Bug 1035338

Summary: Timeout for UrlConnection in UrlResource
Product: [JBoss] JBoss Enterprise BRMS Platform 5 Reporter: Toshiya Kobayashi <tkobayas>
Component: BRE (Expert, Fusion)Assignee: Mario Fusco <mfusco>
Status: VERIFIED --- QA Contact: Lukáš Petrovický <lpetrovi>
Severity: high Docs Contact:
Priority: unspecified    
Version: BRMS 5.3.1CC: nwallace
Target Milestone: GA   
Target Release: ---   
Hardware: Unspecified   
OS: Unspecified   
Whiteboard:
Fixed In Version: Doc Type: Bug Fix
Doc Text:
Story Points: ---
Clone Of: Environment:
Last Closed: Type: Bug
Regression: --- Mount Type: ---
Documentation: --- CRM:
Verified Versions: Category: ---
oVirt Team: --- RHEL 7.3 requirements from Atomic Host:
Cloudforms Team: --- Target Upstream Version:
Bug Depends On:    
Bug Blocks: 1022758    

Description Toshiya Kobayashi 2013-11-27 15:17:18 UTC
Description of problem:

In UrlResource.grabLastMod() and UrlResource.grabStream(), UrlConnection is used but timeout is not set (setConnectTimeout/setReadTimeout). It will cause infinite Scanner thread blocking in case that Guvnor is unresponsive.


Steps to Reproduce:
1. Start BRMS
2. Start a client with KnowledgeAgent
3. Set a breakpoint in PackageDeploymentServlet.doGet() in Guvnor

===
    protected void doGet(final HttpServletRequest req,
                         final HttpServletResponse res) throws ServletException,
            IOException {

        doAuthorizedAction(req, res, new Command() {
            public void execute() throws Exception {
   HERE!==>     PackageDeploymentURIHelper helper = new PackageDeploymentURIHelper(req.getRequestURI());

                log.info("PackageName: " + helper.getPackageName());
                log.info("PackageVersion: " + helper.getVersion());
                log.info("PackageIsLatest: " + helper.isLatest());
                log.info("PackageIsSource: " + helper.isSource());
===

Actual results:

A client scanner thread gets stuck at UrlResource.grabStream()

Expected results:

Users can configure timeout value (e.g. system property). If timeout, an Exception is thrown and logged in client side.

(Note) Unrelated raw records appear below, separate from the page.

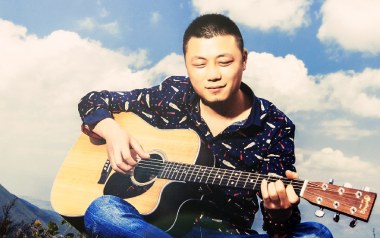 欠我个未来吉他谱_艾岩_G调原版弹唱六线谱_高清图片谱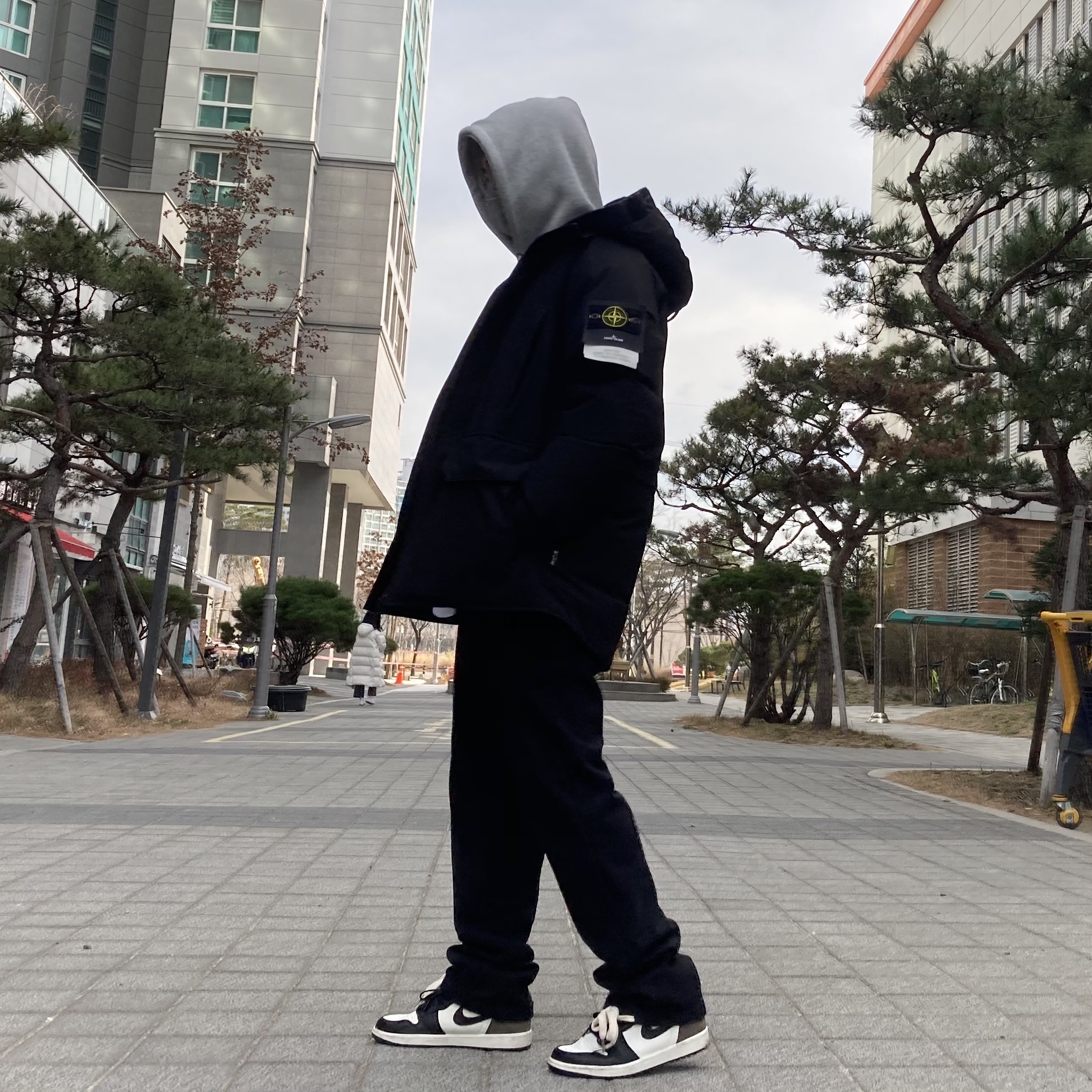 Jordan 1 Retro High OG Black Mocha 착용 스타일 - 1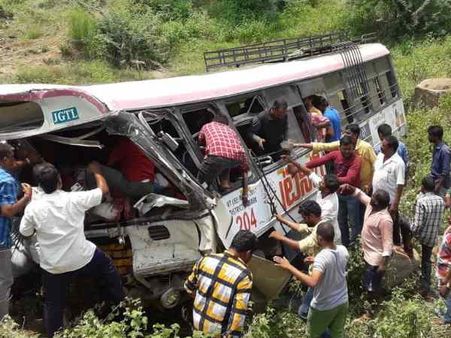 तेलंगाना परिवहन की बस खाई में गिरने से 52 की मौत, तस्वीरों में देखिए हादसे की भयावहता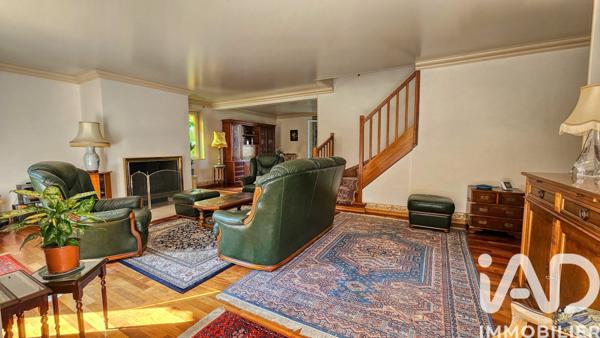 Maison à vendre 8 pièces 210 m² L'Étang-la-Ville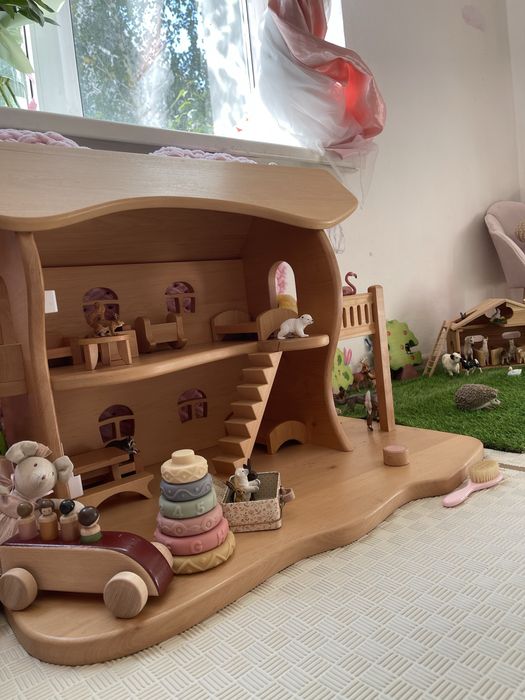 деревʼяний великий ляльковий будинок
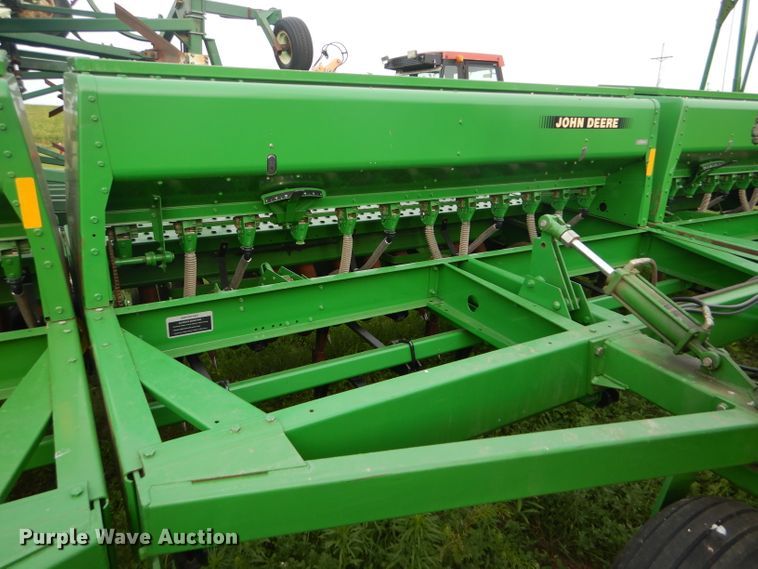 image for item FT9626 (3) 1996 John Deere 9400 hoe drill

Comment 1 Toshiya Kobayashi 2013-11-27 15:23:16 UTC
This could cause a side effect. When a scanner thread gets stuck at UrlResource.grabStream(), it holds a lock of KnowledgeAgentImpl.registeredResources so KnowledgeAgentImpl.getKnowledgeBase() in another thread could get stuck as well.

KnowledgeAgentImpl:
====
    public void applyChangeSet(ChangeSet changeSet) {
        synchronized ( this.registeredResources ) {
            this.eventSupport.fireBeforeChangeSetApplied( changeSet );

            this.listener.info( "KnowledgeAgent applying ChangeSet" );

            ChangeSetState changeSetState = new ChangeSetState();
            changeSetState.scanDirectories = this.scanDirectories;
            // incremental build is inverse of newInstance
            changeSetState.incrementalBuild = !(this.newInstance);

            // Process the new ChangeSet
            processChangeSet( changeSet,
                              changeSetState );
            // Rebuild or do an update to the KnowledgeBase
            buildKnowledgeBase( changeSetState );
            // Rebuild the resource mapping
            //buildResourceMapping();

            this.eventSupport.fireAfterChangeSetApplied( changeSet );
        }
    }
...
    public KnowledgeBase getKnowledgeBase() {
        synchronized ( this.registeredResources ) {
            return this.kbase;
        }
    }
====

Comment 2 Toshiya Kobayashi 2013-11-29 04:41:47 UTC
In the worst case of network issues, the TCP socket might be left without receiving FIN nor RST. Hence the Scanner thread would be blocked infinitely even after the issue is recovered.

Comment 3 Mario Fusco 2014-01-15 16:56:23 UTC
Fixed by https://github.com/droolsjbpm/drools/commit/4506dc93e

I added a system property named "drools.resource.urltimeout" through which you can specify a timeout in milliseconds. If not specified the default timeout is 10 seconds.